“I have been profoundly awakened. This trip has transformed me and changed my life. I have been filled with a rush of loving purpose.”
“I cannot thank you enough for this sacred experience … Israel is my heart and soul … I had no idea how much of a soul-awakening, life-changing experience this was going to be for me. How magical. I have never felt anything like it.”
The lines above were written a few months ago by a young woman named Jessie, 32, from New Jersey, upon returning from her Birthright Israel trip. Her words of gratitude are all the more poignant because she almost didn’t get to experience what the program’s co-founder, Charles Bronfman, once referred to as “one of the most successful education projects in Jewish history.” For Birthright Israel’s first 18 years, this “gift from one generation to the next” was available only to young Jewish adults between the ages of 18 and 26. It was only this year that this life-changing experience was opened up to a limited number of 27 to 32-year-olds.
This young lady just happened to be one of the lucky few.
In late June, my wife, Robyn, and I traveled to Israel as part of a national mission celebrating Birthright Israel’s 18th anniversary.

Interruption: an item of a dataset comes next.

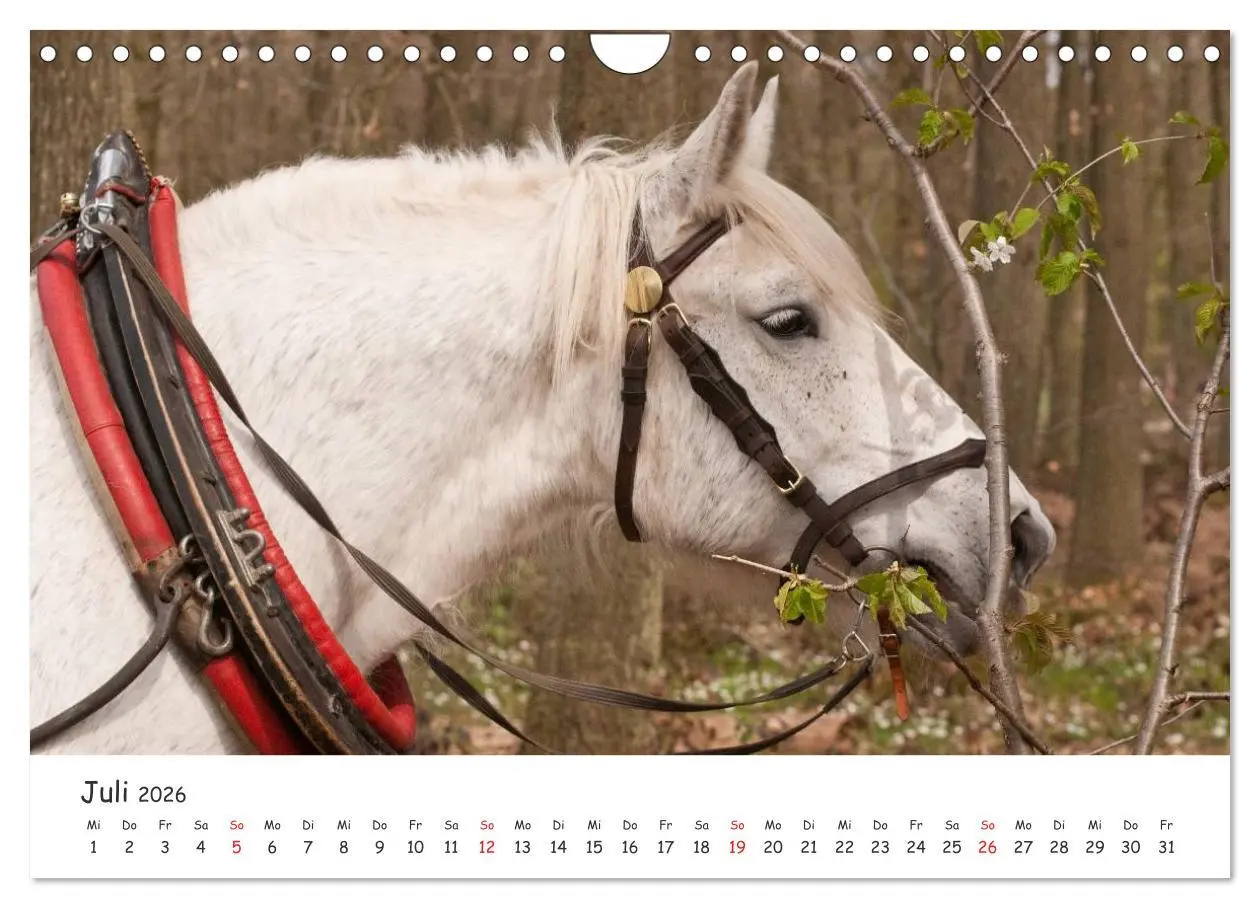 Bild: 9783457982396 | Kaltblut - schwere Pferde mit Herz (Wandkalender 2026 DIN A4 quer),...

Of all the many profound and meaningful experiences we had on this trip, one of the most special wasn’t on our group’s itinerary. This young lady, Jessie, had been so moved by her experience that she decided to come back to Israel only about two months after her trip, but this time, she returned with her mother and grandfather, neither of whom had ever been to Israel. She needed to show them the country that she had fallen in love with. Realizing we were all going to be in Israel at the same time, we arranged to meet up in Jerusalem. People I had never met before instantly became family as we shared hugs and stories. A very special moment, indeed.

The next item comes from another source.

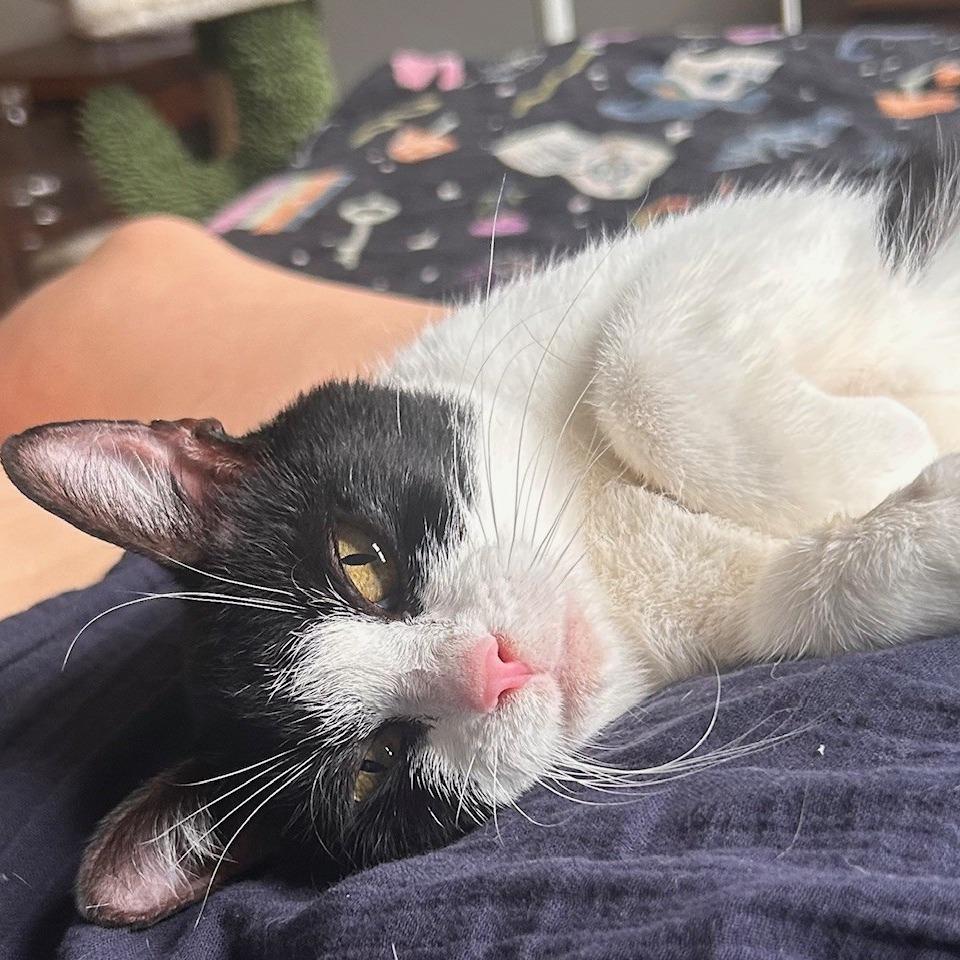 Enlarge Miss Kitty (Dolly), a Adoptable American Shorthair in Winston Salem, NC image 2/3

The idea that others like Jessie might not ever have the opportunity to participate in Birthright Israel motivates me every day. It literally breaks my heart to think that even one young person might not get to see what Jessie saw, or to feel what she felt. It remains one of the great honors of my life to be part of this remarkable family of professionals and lay leaders who do the work necessary to provide this experience to tens of thousands of young Jewish adults each year and connect them to Israel and to our rich Jewish traditions, history and culture.
As we begin a new year, my wish for each member of the wonderful and vibrant Atlanta Jewish community is that they find their own way to connect, to be part of something bigger than themselves, and to feel, in Jessie’s poetic words, “a rush of loving purpose.”
Wishing everyone a Shana tovah umetukah.